TASK GOAL:
Would you copy the full listing that follows without changing a thing?

RECORDS PROVIDED:
=== Begin Enclosure ===

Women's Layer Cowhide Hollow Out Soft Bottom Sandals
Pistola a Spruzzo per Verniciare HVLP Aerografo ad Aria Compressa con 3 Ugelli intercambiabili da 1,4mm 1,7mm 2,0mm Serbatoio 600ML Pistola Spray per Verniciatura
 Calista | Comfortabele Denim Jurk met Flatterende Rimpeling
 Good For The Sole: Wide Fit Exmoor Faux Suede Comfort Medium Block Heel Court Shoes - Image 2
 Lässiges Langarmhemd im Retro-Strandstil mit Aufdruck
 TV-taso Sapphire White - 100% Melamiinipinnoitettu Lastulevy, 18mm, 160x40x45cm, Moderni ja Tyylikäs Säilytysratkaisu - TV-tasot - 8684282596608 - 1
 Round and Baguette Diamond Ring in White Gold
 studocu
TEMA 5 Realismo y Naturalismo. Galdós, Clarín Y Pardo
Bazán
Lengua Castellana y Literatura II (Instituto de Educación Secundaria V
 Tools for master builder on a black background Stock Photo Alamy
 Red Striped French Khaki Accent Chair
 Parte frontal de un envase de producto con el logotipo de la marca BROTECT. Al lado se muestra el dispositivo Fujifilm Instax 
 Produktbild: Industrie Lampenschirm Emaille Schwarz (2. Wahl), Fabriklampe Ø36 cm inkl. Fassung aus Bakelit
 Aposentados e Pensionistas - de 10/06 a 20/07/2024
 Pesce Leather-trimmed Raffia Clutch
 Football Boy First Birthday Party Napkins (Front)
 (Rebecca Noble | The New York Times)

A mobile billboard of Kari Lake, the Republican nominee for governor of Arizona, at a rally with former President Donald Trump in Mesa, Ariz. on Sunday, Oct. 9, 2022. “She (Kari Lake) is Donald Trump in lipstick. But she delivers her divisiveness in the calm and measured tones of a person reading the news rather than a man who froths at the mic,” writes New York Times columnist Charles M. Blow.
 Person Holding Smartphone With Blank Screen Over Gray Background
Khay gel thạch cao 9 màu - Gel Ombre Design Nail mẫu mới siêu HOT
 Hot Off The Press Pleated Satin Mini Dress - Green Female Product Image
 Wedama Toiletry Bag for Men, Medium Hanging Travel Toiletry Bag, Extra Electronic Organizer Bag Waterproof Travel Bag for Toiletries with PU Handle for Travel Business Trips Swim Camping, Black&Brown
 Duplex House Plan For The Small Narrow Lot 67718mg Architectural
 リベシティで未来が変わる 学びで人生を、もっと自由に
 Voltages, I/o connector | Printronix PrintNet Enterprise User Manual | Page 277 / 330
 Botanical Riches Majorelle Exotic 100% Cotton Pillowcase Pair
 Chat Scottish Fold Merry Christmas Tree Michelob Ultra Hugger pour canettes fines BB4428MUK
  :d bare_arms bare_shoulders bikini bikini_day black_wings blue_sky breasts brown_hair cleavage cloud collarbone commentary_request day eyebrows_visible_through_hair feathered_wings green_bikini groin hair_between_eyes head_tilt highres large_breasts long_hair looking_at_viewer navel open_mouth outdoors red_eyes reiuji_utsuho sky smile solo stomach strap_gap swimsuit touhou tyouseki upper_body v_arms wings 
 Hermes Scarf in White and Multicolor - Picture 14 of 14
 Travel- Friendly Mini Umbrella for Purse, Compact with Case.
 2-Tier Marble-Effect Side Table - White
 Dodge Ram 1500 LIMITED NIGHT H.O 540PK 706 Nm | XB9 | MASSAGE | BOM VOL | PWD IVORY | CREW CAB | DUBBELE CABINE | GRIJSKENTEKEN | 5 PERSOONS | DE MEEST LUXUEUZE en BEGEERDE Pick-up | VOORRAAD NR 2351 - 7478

=== End Enclosure ===

EXERCISE ANSWER:
Women's Layer Cowhide Hollow Out Soft Bottom Sandals
Pistola a Spruzzo per Verniciare HVLP Aerografo ad Aria Compressa con 3 Ugelli intercambiabili da 1,4mm 1,7mm 2,0mm Serbatoio 600ML Pistola Spray per Verniciatura
 Calista | Comfortabele Denim Jurk met Flatterende Rimpeling
 Good For The Sole: Wide Fit Exmoor Faux Suede Comfort Medium Block Heel Court Shoes - Image 2
 Lässiges Langarmhemd im Retro-Strandstil mit Aufdruck
 TV-taso Sapphire White - 100% Melamiinipinnoitettu Lastulevy, 18mm, 160x40x45cm, Moderni ja Tyylikäs Säilytysratkaisu - TV-tasot - 8684282596608 - 1
 Round and Baguette Diamond Ring in White Gold
 studocu
TEMA 5 Realismo y Naturalismo. Galdós, Clarín Y Pardo
Bazán
Lengua Castellana y Literatura II (Instituto de Educación Secundaria V
 Tools for master builder on a black background Stock Photo Alamy
 Red Striped French Khaki Accent Chair
 Parte frontal de un envase de producto con el logotipo de la marca BROTECT. Al lado se muestra el dispositivo Fujifilm Instax 
 Produktbild: Industrie Lampenschirm Emaille Schwarz (2. Wahl), Fabriklampe Ø36 cm inkl. Fassung aus Bakelit
 Aposentados e Pensionistas - de 10/06 a 20/07/2024
 Pesce Leather-trimmed Raffia Clutch
 Football Boy First Birthday Party Napkins (Front)
 (Rebecca Noble | The New York Times)

A mobile billboard of Kari Lake, the Republican nominee for governor of Arizona, at a rally with former President Donald Trump in Mesa, Ariz. on Sunday, Oct. 9, 2022. “She (Kari Lake) is Donald Trump in lipstick. But she delivers her divisiveness in the calm and measured tones of a person reading the news rather than a man who froths at the mic,” writes New York Times columnist Charles M. Blow.
 Person Holding Smartphone With Blank Screen Over Gray Background
Khay gel thạch cao 9 màu - Gel Ombre Design Nail mẫu mới siêu HOT
 Hot Off The Press Pleated Satin Mini Dress - Green Female Product Image
 Wedama Toiletry Bag for Men, Medium Hanging Travel Toiletry Bag, Extra Electronic Organizer Bag Waterproof Travel Bag for Toiletries with PU Handle for Travel Business Trips Swim Camping, Black&Brown
 Duplex House Plan For The Small Narrow Lot 67718mg Architectural
 リベシティで未来が変わる 学びで人生を、もっと自由に
 Voltages, I/o connector | Printronix PrintNet Enterprise User Manual | Page 277 / 330
 Botanical Riches Majorelle Exotic 100% Cotton Pillowcase Pair
 Chat Scottish Fold Merry Christmas Tree Michelob Ultra Hugger pour canettes fines BB4428MUK
  :d bare_arms bare_shoulders bikini bikini_day black_wings blue_sky breasts brown_hair cleavage cloud collarbone commentary_request day eyebrows_visible_through_hair feathered_wings green_bikini groin hair_between_eyes head_tilt highres large_breasts long_hair looking_at_viewer navel open_mouth outdoors red_eyes reiuji_utsuho sky smile solo stomach strap_gap swimsuit touhou tyouseki upper_body v_arms wings 
 Hermes Scarf in White and Multicolor - Picture 14 of 14
 Travel- Friendly Mini Umbrella for Purse, Compact with Case.
 2-Tier Marble-Effect Side Table - White
 Dodge Ram 1500 LIMITED NIGHT H.O 540PK 706 Nm | XB9 | MASSAGE | BOM VOL | PWD IVORY | CREW CAB | DUBBELE CABINE | GRIJSKENTEKEN | 5 PERSOONS | DE MEEST LUXUEUZE en BEGEERDE Pick-up | VOORRAAD NR 2351 - 7478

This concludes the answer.